Despite the downsides, the program has garnered support from a coalition dedicated to affordable housing in Cincinnati. Affordable Housing Advocates, a coalition of social service groups that supports the creation of more affordable housing, supports the plan, AHA Board President Noam Gross-Prinz says.

The credits at the core of the new program have become the major source of funding for affordable housing creation as the U.S. Department of Housing and Urban Development has backed away from project-based housing in favor of subsidies paid to private landlords.

Since it was created in 1986, the LIHTC program has become the nation’s predominant method for building affordable rental housing, with 90 percent of all affordable housing built in the U.S. today using the credits. That’s about 2.5 million units nationwide, 100,000 units in Ohio and 7,000 units in Cincinnati built via financing from the program.

LIHTC works like this: a developer who is awarded the credits through OHFA’s statewide competitive process then uses them to attract investors, who pay slightly less than face value for the credits in order to access the tax benefits they confer. The developer takes the cash from the credits to develop housing and agrees to keep it affordable — either at 60 or 30 percent of area median income — for up to 30 years.

In Hamilton County, 60 percent of area median income equates to about $47,000 a year for a family of four. Housing affordable to that family would cost up to $1,057 for a three-bedroom apartment. At the 30 percent level, a family of four makes $23,000 a year and needs an apartment costing about $610 a month.

The credits generally cover about 70 percent of the costs of housing construction. The city can sometimes help developers cover part of that gap with funds it doles out through the Notice of Funding Application process twice yearly.

This year, only one application from a Cincinnati developer — Model Group — won tax credits worth about $1 million. Those credits will go toward about 60 units of affordable housing for seniors. By contrast, OHFA awarded $4.5 million in credits for 333 housing units to Cleveland and more than $6 million for 513 housing units to Columbus.

“Cincinnati has been lagging behind Cleveland and Columbus,” Hackworth admits, noting the HFAct50 program could help adjust that. “We’re pretty well below our contemporary cities.”

That’s at least partially because Cincinnati developers filed fewer applications for fewer credits than developers in those cities, according to OHFA data. In 2018, four applications worth about $4 million came from developers in Cincinnati, while five applications worth $16 million came from developers in Cleveland and nine applications worth $9 million came from Columbus. That’s a continuation of a trend: over the past three years, developers in Cincinnati have applied for about $12.5 million in credits, while developers in Columbus have applied for $22 million and those in Cleveland have applied for more than $31 million.

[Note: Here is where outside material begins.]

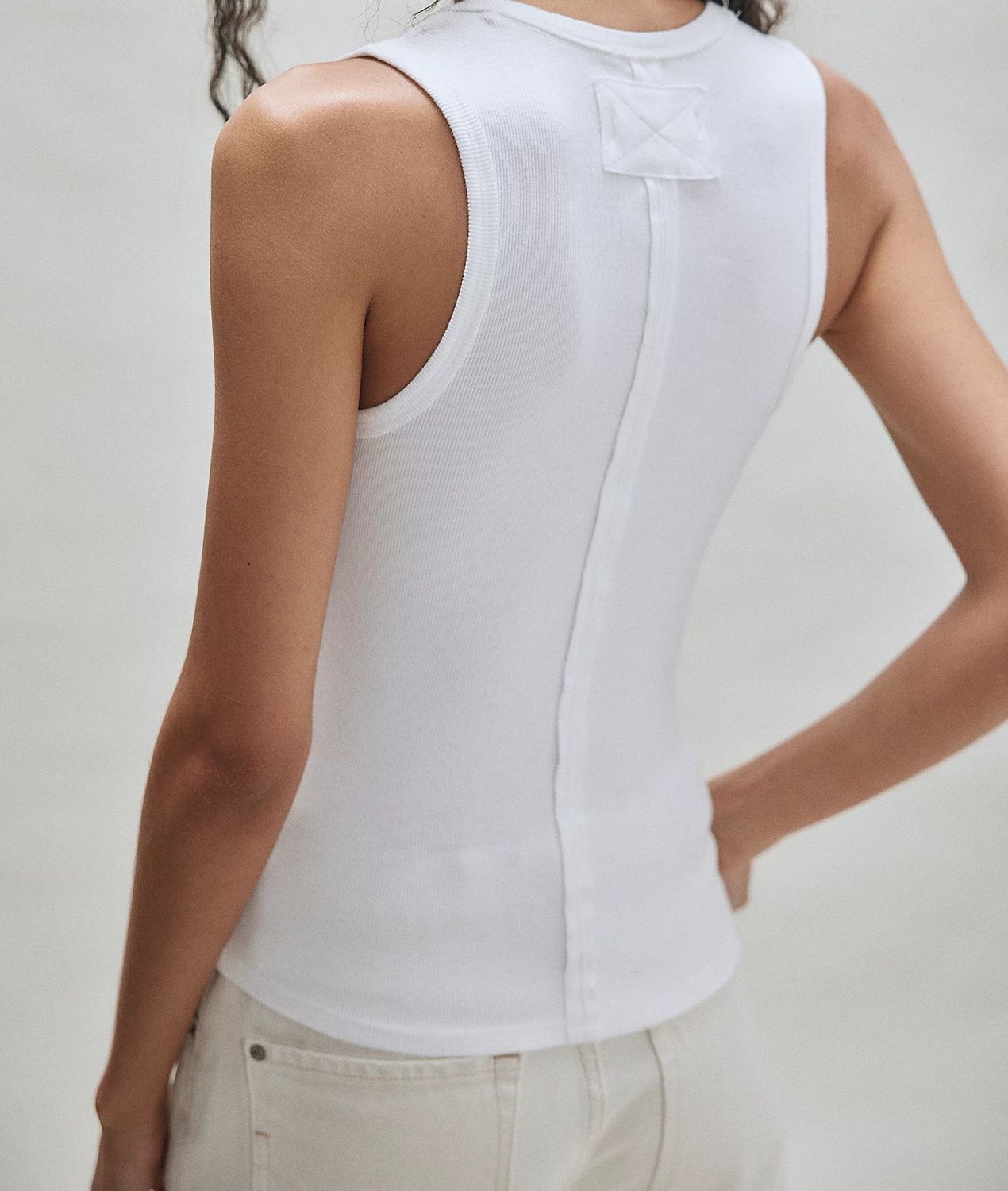 NERIA TANK OB2180045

The city must send a letter to OHFA by Sept. 28 opting into the program. After that, the timeline is a bit more tentative. Hackworth says the city would like to identify the neighborhood that would receive the credits by November and create a selection process for projects by January next year. Then, it would utilize a process similar to its NOFA procedures to pick winning project applications and submit them to OHFA by August 2019.